(Material to process Opens)

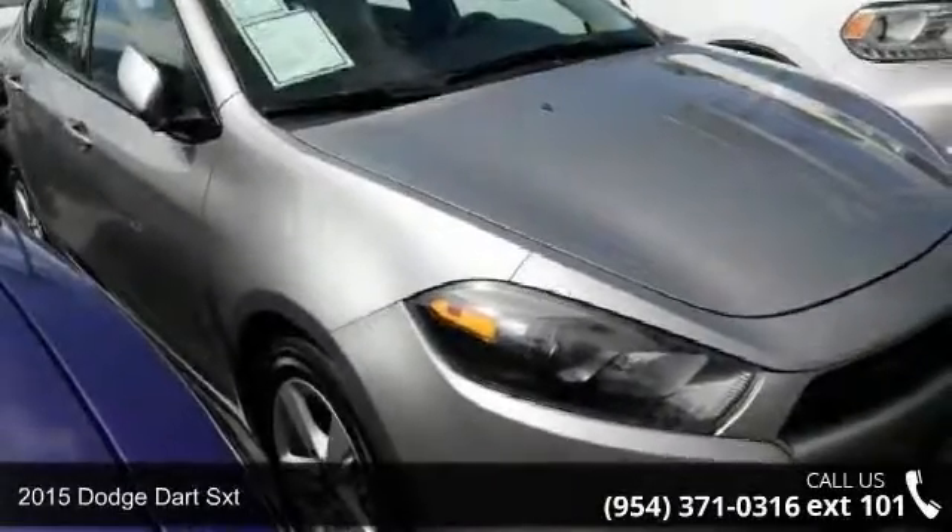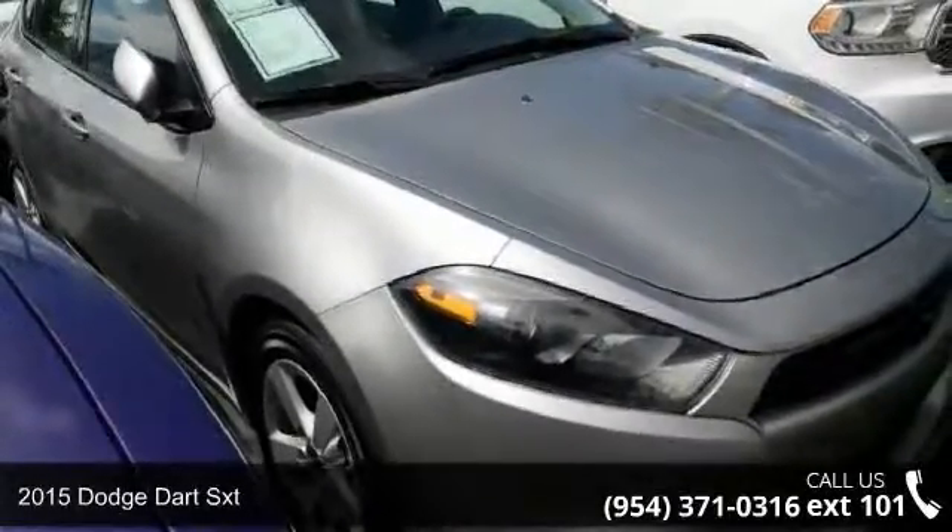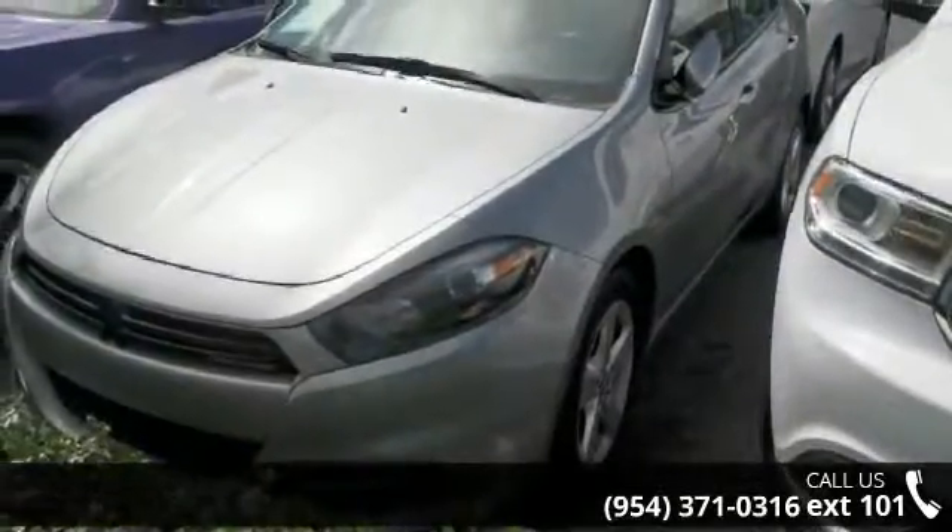Arrive in style with this 2015 Dodge Dart SXT. This may be the set of wheels you've been looking for.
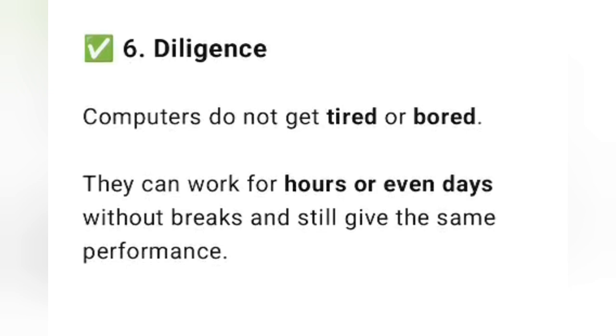The sixth feature is diligence. Computers do not get tired or bored. They can work for hours or even days without breaks and still give the same performance.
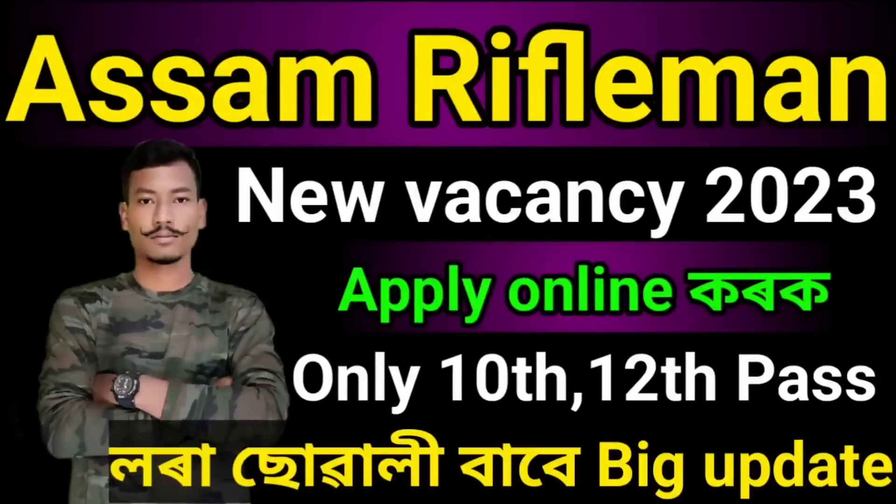This is called Assam Rifleman New Vacancy and New Recruitment 2020. This is about our Assam Rifle. In 2008, it is the total fascination.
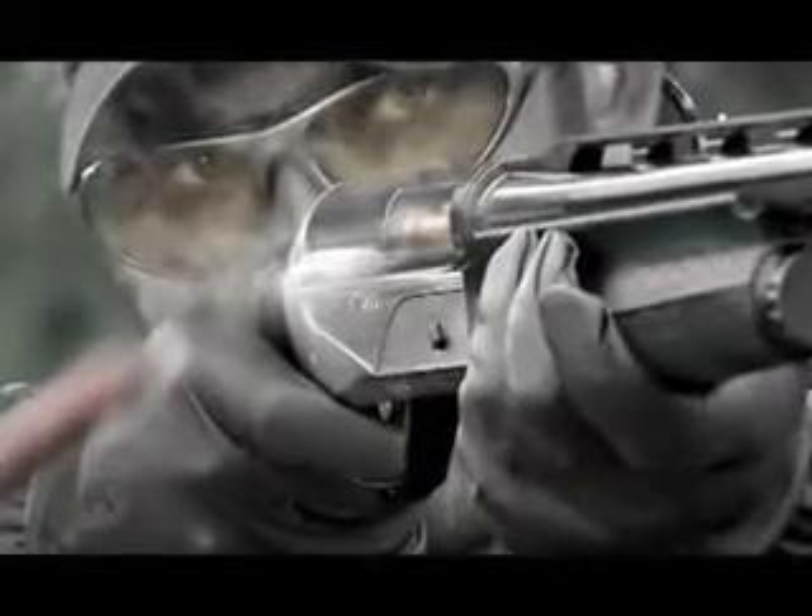Not only does the Super Sport reduce recoil, it comes with a shim kit for custom fitting. Comfort Tech gel pads fit the 12 and the new 20-gauge Super Sport to your dimensions, and this shotgun comes standard with a ported barrel to reduce muzzle rise.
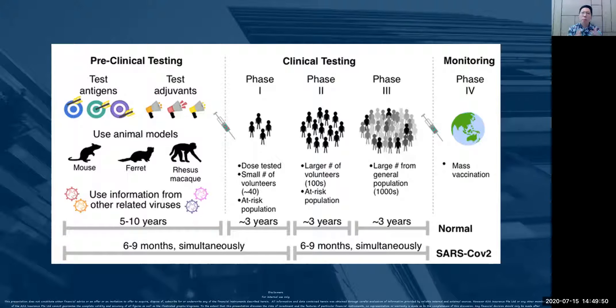So what's the difference between pre and actual clinical testing? The main difference is one is tested on animal models, and the other one will be on human beings. Looking at the timeline, for normal vaccine development, it's about five to ten years for pre-clinical testing, and then each subsequent phase of human testing will take about three years. So all in all, for a vaccination to come to play, it will take about a total of 11 to 19 years.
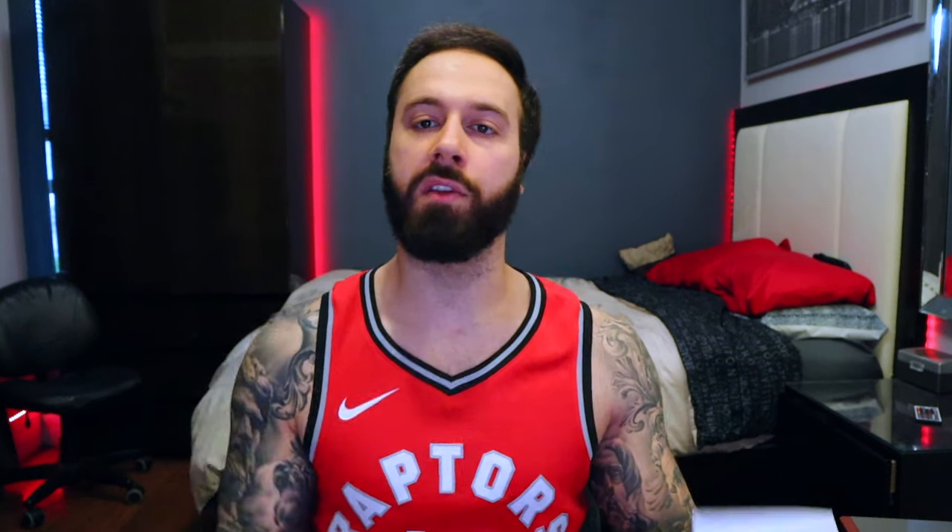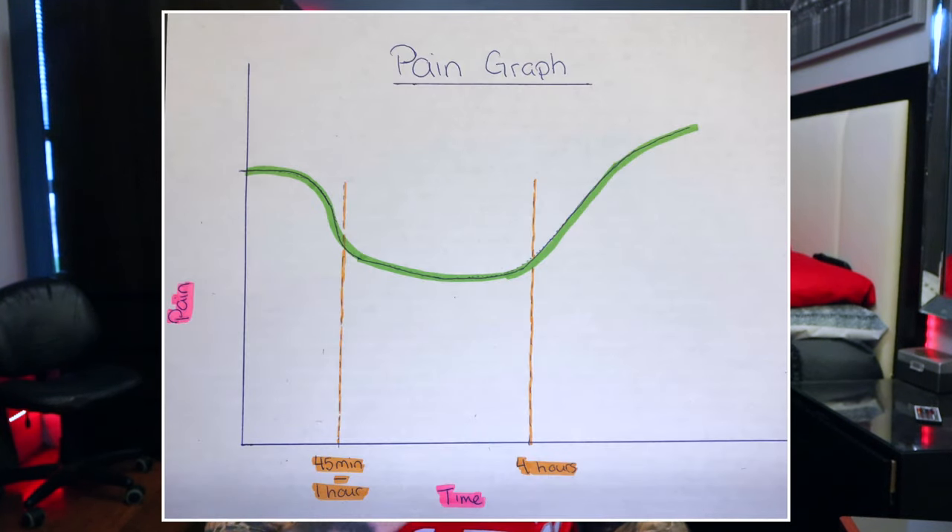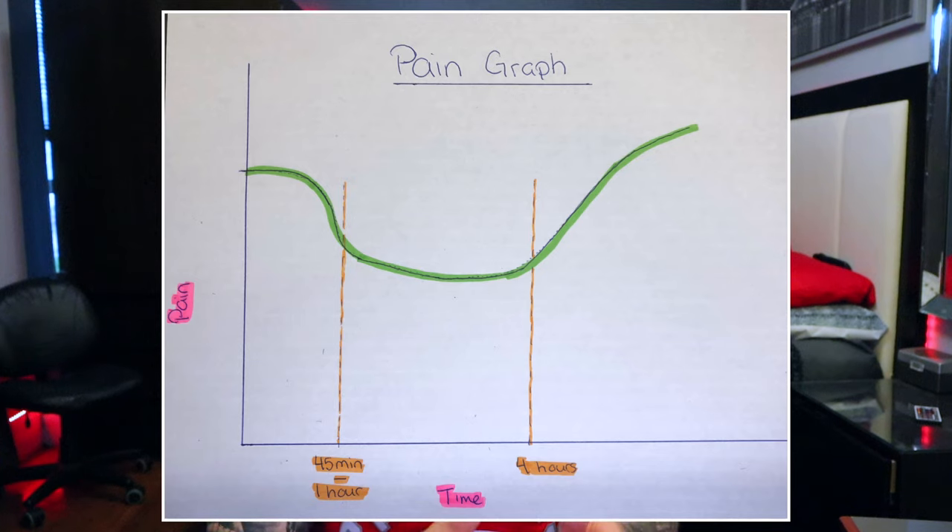I'm going to start by answering why a tattoo hurts. For the most part, it's a needle that is puncturing your skin — it's abrasive, it's scratching or puncturing you in some way, and it's a discomfort the body isn't used to. It is gonna hurt. As you go into a session the pain increases over time. When you start it hurts a lot because your body isn't used to it, but around 45 minutes to an hour your body starts to adapt. Then after about the four-hour mark, everything becomes so sensitive it starts to spike again.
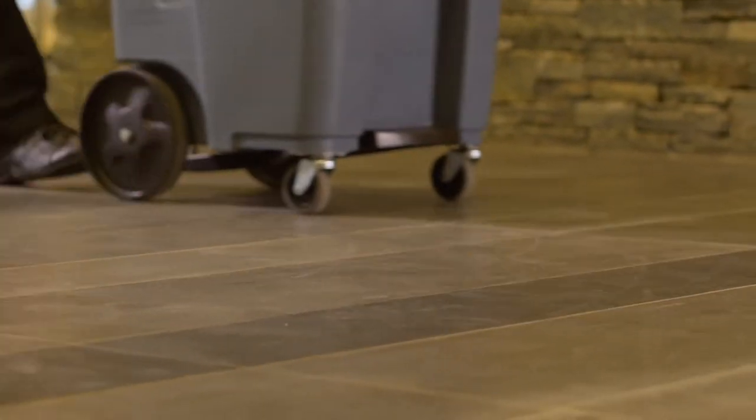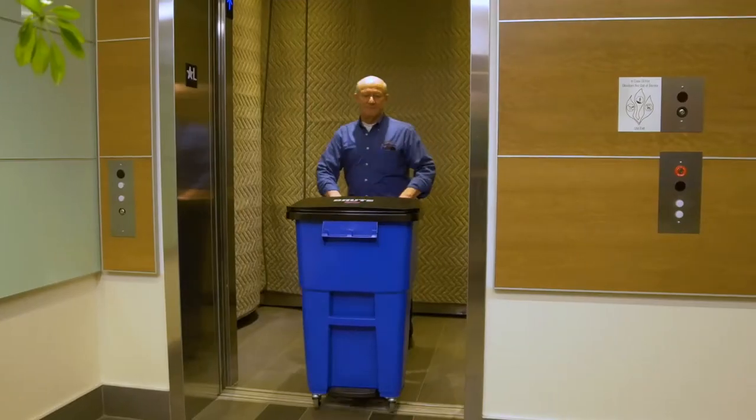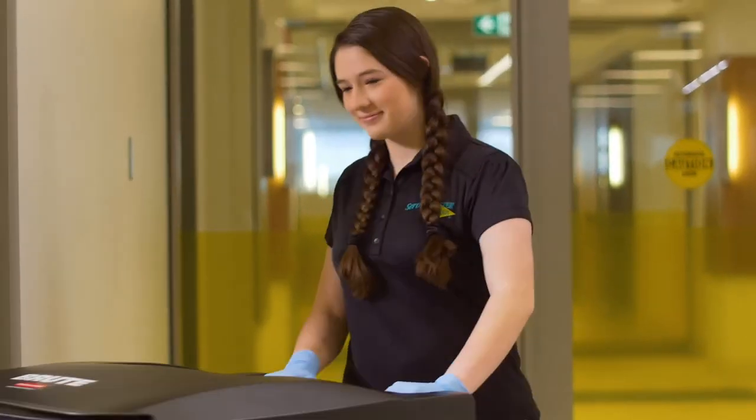The four wheels on the bin allows our staff to roll the container within the tenant's space without noise. The container moves smoothly through our various areas of the building, going in and out of the elevator thresholds, the door thresholds, our carpeted areas, and our tile floor areas.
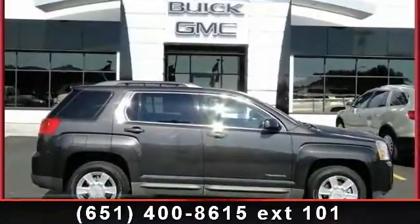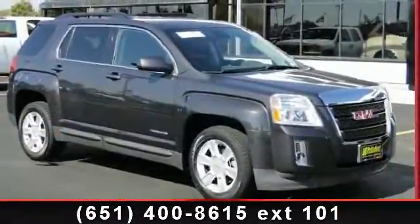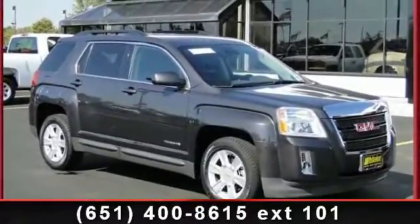This vehicle shows low mileage and has a smooth ride. Let us put you in the driver's seat today. Call or click to schedule a test drive.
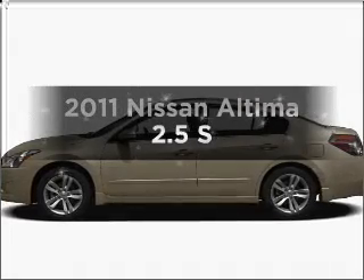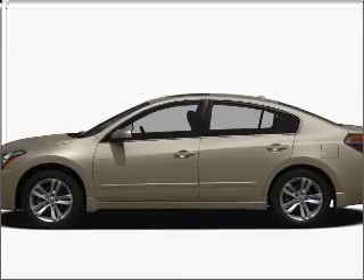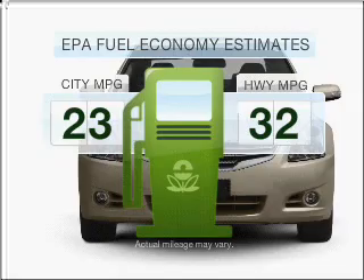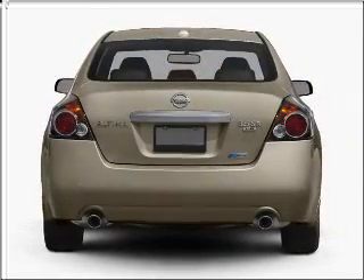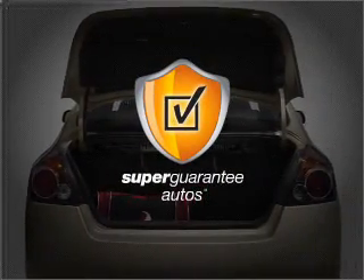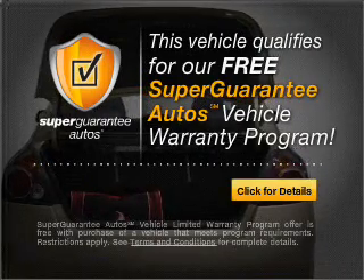Imagine yourself in this 2011 Nissan Altima. If you're looking for an automobile with great attributes, look no further. Better gas mileage means better long-term driving, and this ride delivers with a great low-fuel consumption rate. With an efficient four-cylinder engine connected to a smooth-shifting automatic transmission, this vehicle qualifies for our free Super Guarantee Autos Vehicle Warranty Program.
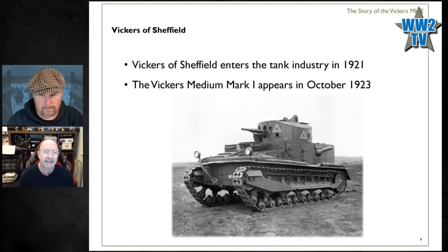With hindsight, comparing it to a Cromwell or a Comet from 1945, it looks a bit basic — a generation or two in tank design behind. But this is the first time a British tank has a superstructure, a turret, and tracks that don't go all the way around the hull like the very first tanks. For a first production vehicle — they built 58 of these — it's not a bad little machine.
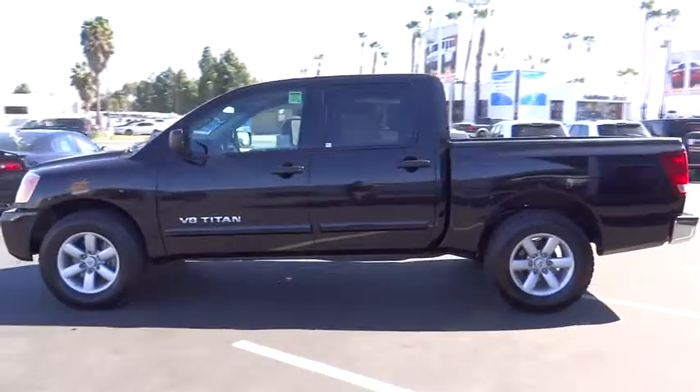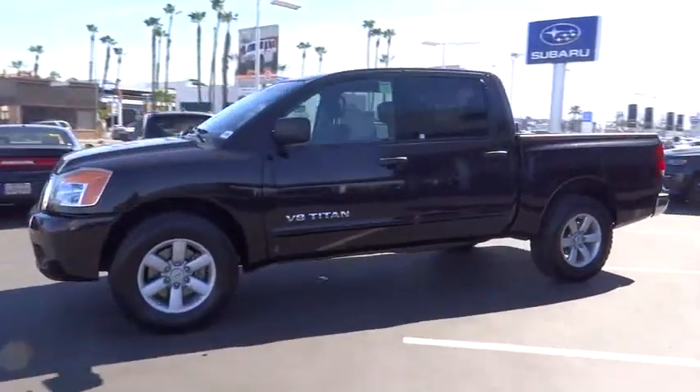This vehicle has less than 40,000 miles. Here are some of this vehicle's great options.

(Material to process Closes)

What you should do - A word-for-word copy of the lines from the one with "With hindsight, comparing" through the last line of the data above is required, with both end lines included and no pictures.

Answer to this problem -
With hindsight, comparing it to a Cromwell or a Comet from 1945, it looks a bit basic — a generation or two in tank design behind. But this is the first time a British tank has a superstructure, a turret, and tracks that don't go all the way around the hull like the very first tanks. For a first production vehicle — they built 58 of these — it's not a bad little machine.
This vehicle has less than 40,000 miles. Here are some of this vehicle's great options.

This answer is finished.